La Rue des Tribunaux est très connue en plein coeur de Cherbourg et bientôt, elle pourrait très mal porter son nom. C’est là que se trouve le Palais de Justice. Les personnels de justice s’inquiètent de la réforme voulue par le gouvernement. Selon eux, certaines petites juridictions comme celle de cette ville du Cotentin pourraient à terme fermer.
Charly Lechevallier est syndicaliste à l’UNSA Services Judiciaires. Il représente ceux qu’il appelle les “petites mains”’ de la justice, Les greffiers et autres personnels en prise directe avec les victimes ou les inculpés au sein du Palais de Justice. Depuis plusieurs semaines, il est au coeur de la mobilisation contre les “chantiers” de la Justice voulus par le gouvernement.
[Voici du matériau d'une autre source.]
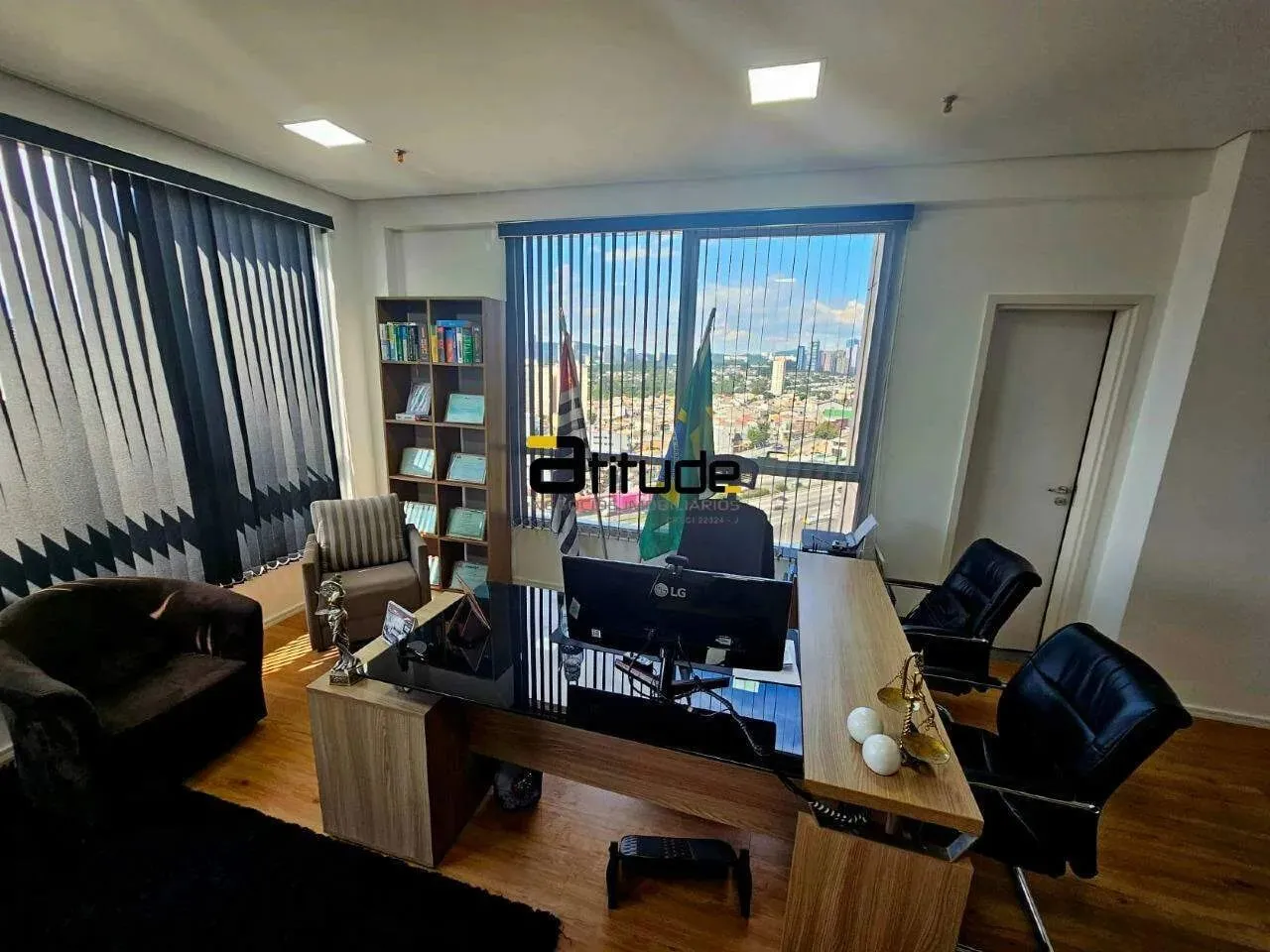 SALA PARA VENDA NO CONDOMÍNIO NBC - BARUERI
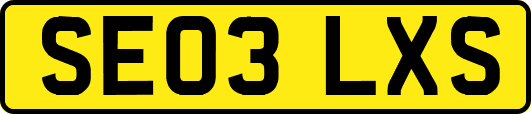 SE03LXS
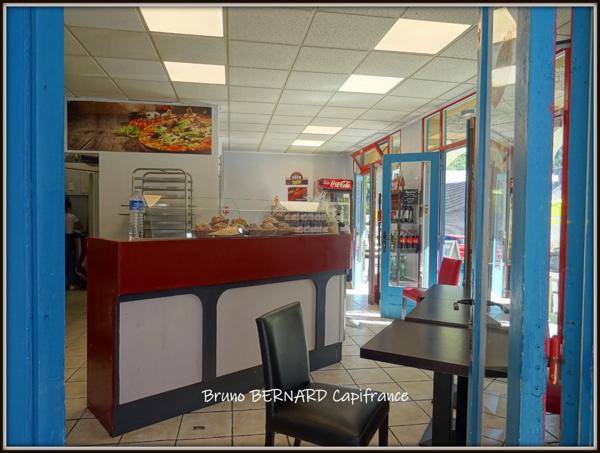 Dpt Hautes Pyrénées (65), À VENDRE - FOND DE COMMERCE SNACK À SAINTE MARIE DE CAMPAN, AU CŒUR DES PYRÉNÉES !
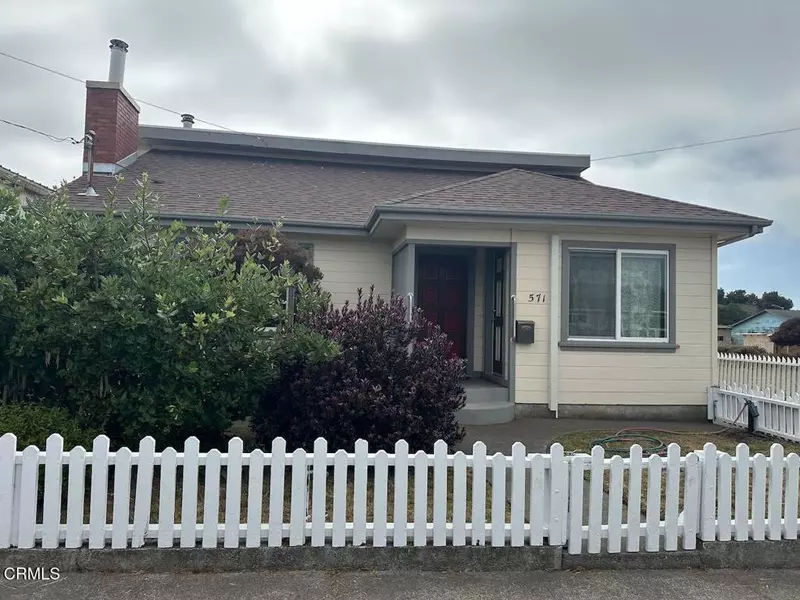 571 S Franklin ST, Fort Bragg, CA 95437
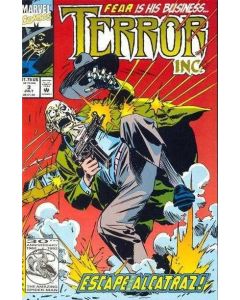 Terror Inc (1992) #   3 (6.0-FN)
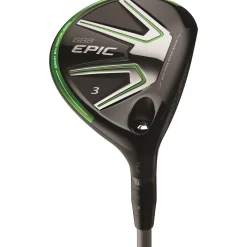 Callaway Fairway Woods|Left Handed Golf Clubs^Used Great Big Bertha Epic Fairway Wood Golf Clubs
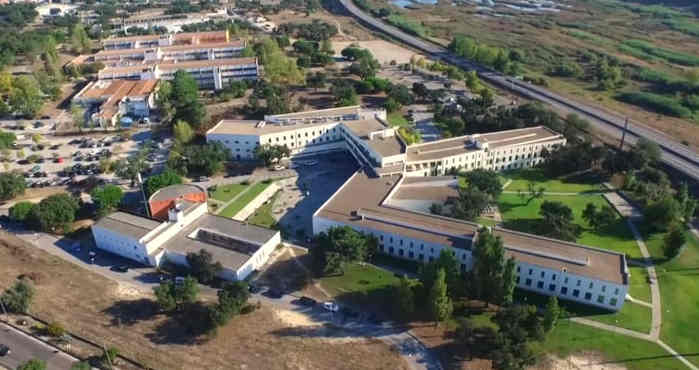 Campus Instituto Politécnico de Setúbal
Equipé d’un casque, il veut démontrer que ces grands travaux pourraient encore aggraver la situation de la Justice en France.
« On envisage quand même une fermeture des sites à terme », explique Charly Lechevallier, « aujourd’hui la ministre a été claire sur le fait qu’elle n’allait pas fermer les bâtiments, sauf qu’à partir du moment où vous avez une coquille vide c’est-à-dire que vous l’avez vidée de son contentieux et que vous l’avez vidée de son activité on se doute bien que vous n’allez pas pouvoir y conserver des fonctionnaires et des magistrats pour trancher les litiges. »
C’est là la principale crainte de ces fonctionnaires : le projet du gouvernement envisage, à terme, le regroupement des compétences dans entre les divers tribunaux d’un même département. Une forme d’éloignement de la justice pour les citoyens qui devront alors se rendre plus loin pour avoir accès à un greffier ou à un magistrat.
D’autant que ces syndicats avaient formulé des propositions qu’ils ne retrouvent pas du tout dans le texte de l’exécutif.
Un gâchis selon les syndicats : « Pendant plusieurs mois, ajoute Charly Lechevallier, on a pris le temps que ce soient les organisations syndicales ou les acteurs de justice de faire remonter certains points mais qui ont été complètement balayés. On ne retrouve rien dans ce projet de loi qui corresponde aux aspirations ou aux idées qui sont estimées bonnes par les gens de la profession. »
Dématérialisation, regroupement, spécialisation des juridictions : au barreau de Cherbourg, les avocats dénoncent eux aussi cet éloignement de la justice du citoyen. Les garanties apportées par la ministre de la Justice ne les ont pas rassurés. Pour eux, la confiance avec Nicole Belloubet est totalement rompue. La bâtonnière de l’ordre du barreau de Cherbourg se veut très franche sur le sujet : « Je le dis très clairement, le regroupement des tribunaux d’Instance au sein des tribunaux de Grande Instance, c’est quelque chose qui n’a pas été évoqué de manière aussi claire avec les instances représentatives de la profession d’avocat lors des consultations et des concertations. On a découvert cela et les modalités de regroupement souhaitées dans l’avant-projet de loi, donc comment peut-on croire encore la ministre ? »
Selon elle, ce projet du gouvernement cache un autre agenda : « La crainte aussi de la centralisation des chambres, des juridictions, dans un même site, ça nous inquiète effectivement sur le devenir de ce site, qui sera ou pas rentable pour la chancellerie et qui à plus ou moins court terme en fonction de la rentabilité pourra peut-être voir son devenir en danger. »
Aujourd’hui, Caroline Botte avait prévu de rejoindre les représentants de la quasi-totalité des barreaux de France attendus à Paris pour manifester. Pour l’occasion elle portera un rabat rouge sur sa robe d’avocat. Des avocats, qui comme les autres professions de la justice à Cherbourg, promettent de continuer à mobiliser l’opinion publique au fil des prochaines semaines.